_Exercise input_.
- - - - -

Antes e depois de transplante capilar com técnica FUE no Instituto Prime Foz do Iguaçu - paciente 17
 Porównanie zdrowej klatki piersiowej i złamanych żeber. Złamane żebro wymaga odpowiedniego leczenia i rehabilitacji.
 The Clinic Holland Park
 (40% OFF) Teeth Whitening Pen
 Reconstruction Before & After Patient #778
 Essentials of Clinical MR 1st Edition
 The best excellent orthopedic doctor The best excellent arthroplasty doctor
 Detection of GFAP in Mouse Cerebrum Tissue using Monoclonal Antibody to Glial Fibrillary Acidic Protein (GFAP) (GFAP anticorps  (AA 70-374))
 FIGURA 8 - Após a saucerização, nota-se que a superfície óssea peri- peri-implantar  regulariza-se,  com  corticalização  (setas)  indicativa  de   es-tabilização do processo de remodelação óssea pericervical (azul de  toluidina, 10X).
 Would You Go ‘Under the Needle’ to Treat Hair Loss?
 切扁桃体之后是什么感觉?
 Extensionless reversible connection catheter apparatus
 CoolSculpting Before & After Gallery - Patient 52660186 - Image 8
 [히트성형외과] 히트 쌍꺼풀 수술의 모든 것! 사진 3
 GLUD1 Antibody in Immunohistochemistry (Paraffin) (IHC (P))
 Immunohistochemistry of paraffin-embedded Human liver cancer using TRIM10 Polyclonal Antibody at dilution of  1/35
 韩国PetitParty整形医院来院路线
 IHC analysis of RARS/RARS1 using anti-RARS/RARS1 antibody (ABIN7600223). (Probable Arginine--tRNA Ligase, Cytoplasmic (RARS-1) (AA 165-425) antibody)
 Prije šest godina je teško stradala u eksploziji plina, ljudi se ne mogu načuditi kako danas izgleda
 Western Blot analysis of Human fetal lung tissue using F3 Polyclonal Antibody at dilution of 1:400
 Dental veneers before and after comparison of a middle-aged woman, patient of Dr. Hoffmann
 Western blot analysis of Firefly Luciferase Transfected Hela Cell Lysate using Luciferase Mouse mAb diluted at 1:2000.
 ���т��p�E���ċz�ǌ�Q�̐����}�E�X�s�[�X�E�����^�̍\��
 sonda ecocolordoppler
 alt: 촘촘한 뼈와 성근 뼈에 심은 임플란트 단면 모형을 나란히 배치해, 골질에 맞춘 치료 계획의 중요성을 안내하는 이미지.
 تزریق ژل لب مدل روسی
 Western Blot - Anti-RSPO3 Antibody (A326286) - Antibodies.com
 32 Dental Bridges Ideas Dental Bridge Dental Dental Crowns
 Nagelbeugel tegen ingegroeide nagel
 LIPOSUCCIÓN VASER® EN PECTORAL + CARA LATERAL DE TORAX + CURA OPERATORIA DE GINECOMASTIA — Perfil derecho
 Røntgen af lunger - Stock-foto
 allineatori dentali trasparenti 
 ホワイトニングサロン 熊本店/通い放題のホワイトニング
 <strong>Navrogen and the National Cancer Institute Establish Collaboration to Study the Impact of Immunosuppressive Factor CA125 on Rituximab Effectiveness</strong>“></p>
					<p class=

- - - - -

_Description of the task_. Please give back only the lines starting with the one that contains "Røntgen af lunger - Stock-foto" and ending with the last line of the listing, retyped exactly.

_Task output_.
 Røntgen af lunger - Stock-foto
 allineatori dentali trasparenti 
 ホワイトニングサロン 熊本店/通い放題のホワイトニング
 <strong>Navrogen and the National Cancer Institute Establish Collaboration to Study the Impact of Immunosuppressive Factor CA125 on Rituximab Effectiveness</strong>“></p>
					<p class=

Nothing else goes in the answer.